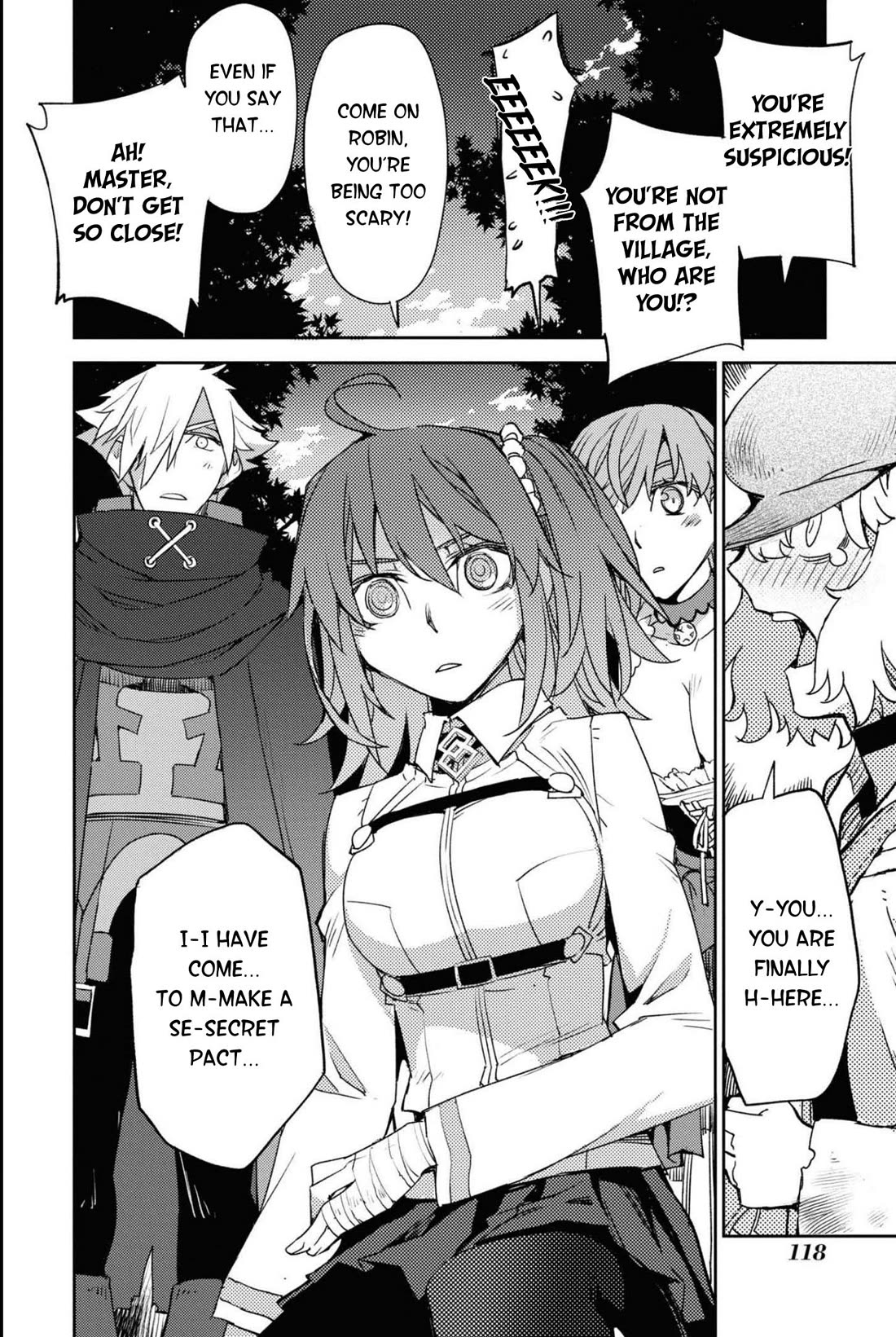 Fate/Grand Order: Epic of Remnant - Subspecies Singularity IV: Taboo Advent Salem: Salem of Heresy chapter 42 page 26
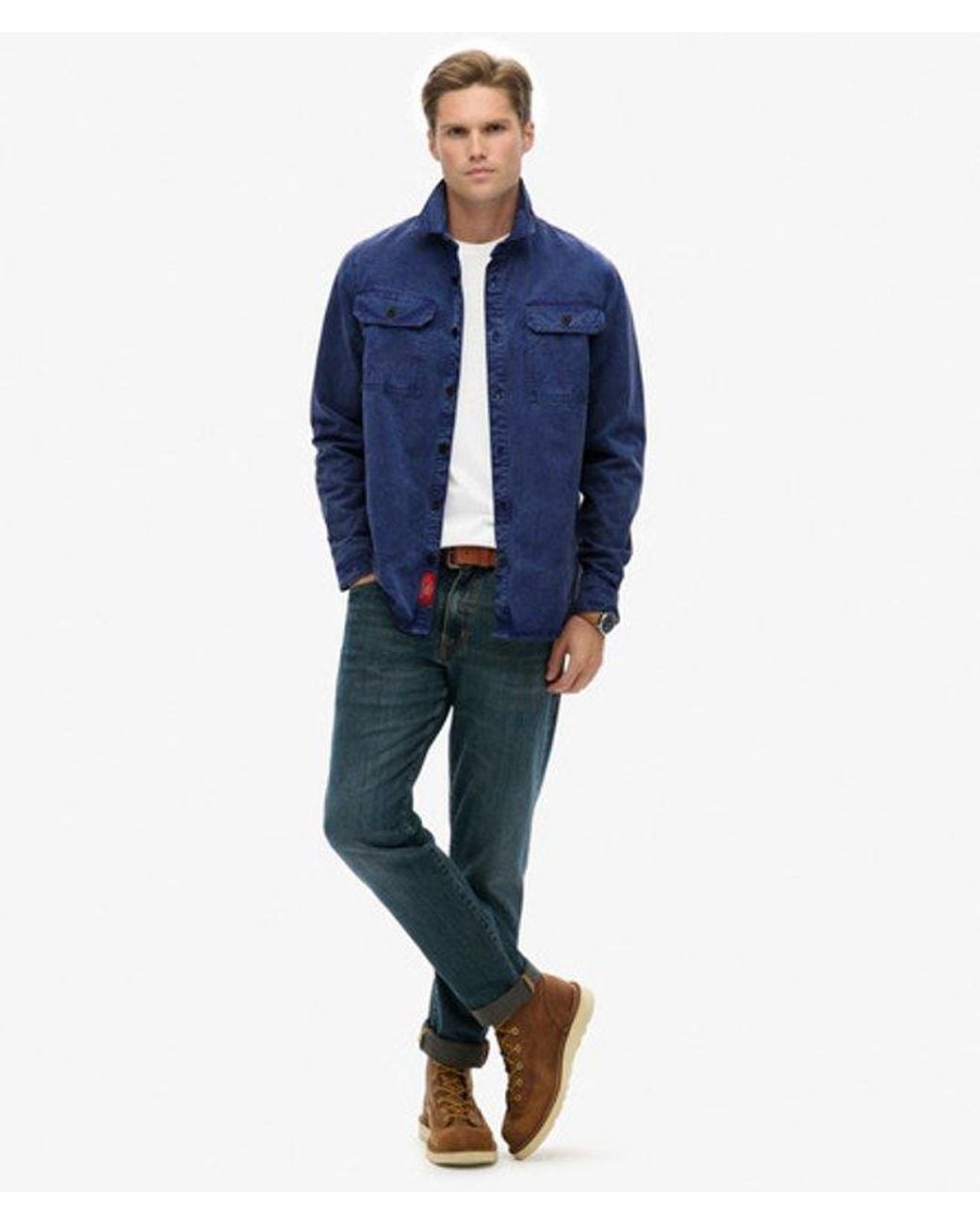 Superdry Blue The Merchant Store for men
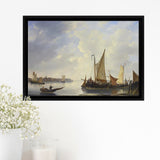 Clipper 5 Framed Canvas Prints Wall Art - Painting Canvas, Wall Decor, For Sale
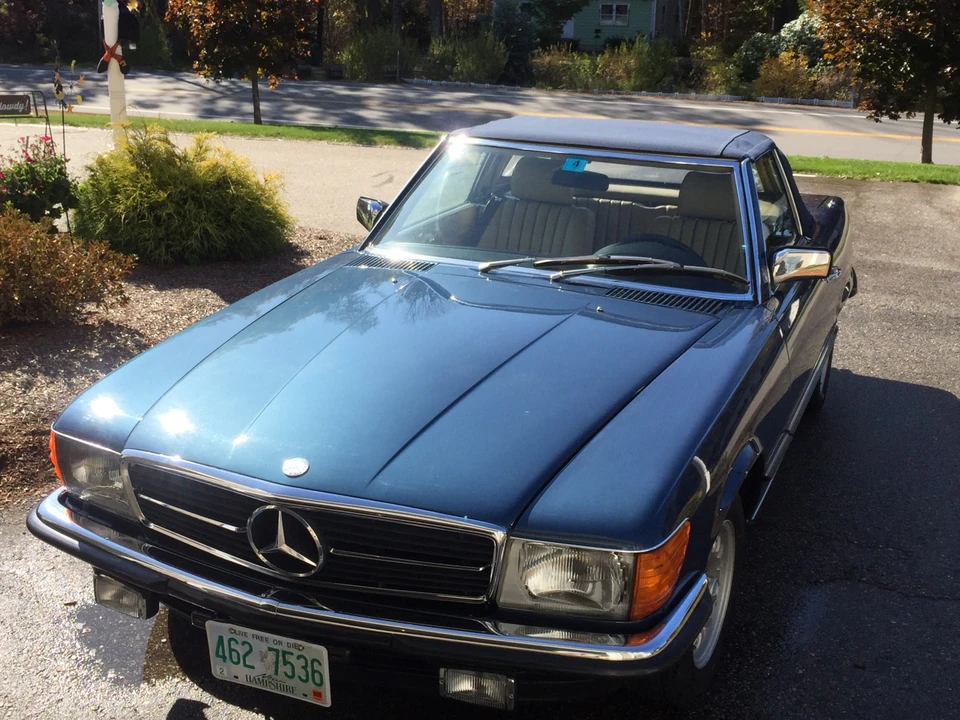 1983 Mercedes-Benz R107 SL-Class - Image 10 of 31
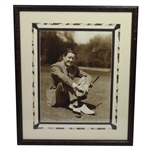 Byron Nelson Signed & Inscribed Photo to Clifford Roberts - Framed JSA ALOA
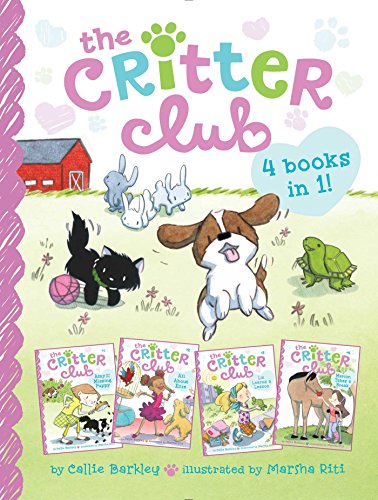 The Critter Club 4 Books in 1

§ §

## EXERCISE PROMPT
Starting at the line that holds "Clipper 5 Framed", repeat every line through the end of the listing exactly as written, skipping any picture.

## SOLUTION
 Clipper 5 Framed Canvas Prints Wall Art - Painting Canvas, Wall Decor, For Sale
 1983 Mercedes-Benz R107 SL-Class - Image 10 of 31
 Byron Nelson Signed & Inscribed Photo to Clifford Roberts - Framed JSA ALOA
 The Critter Club 4 Books in 1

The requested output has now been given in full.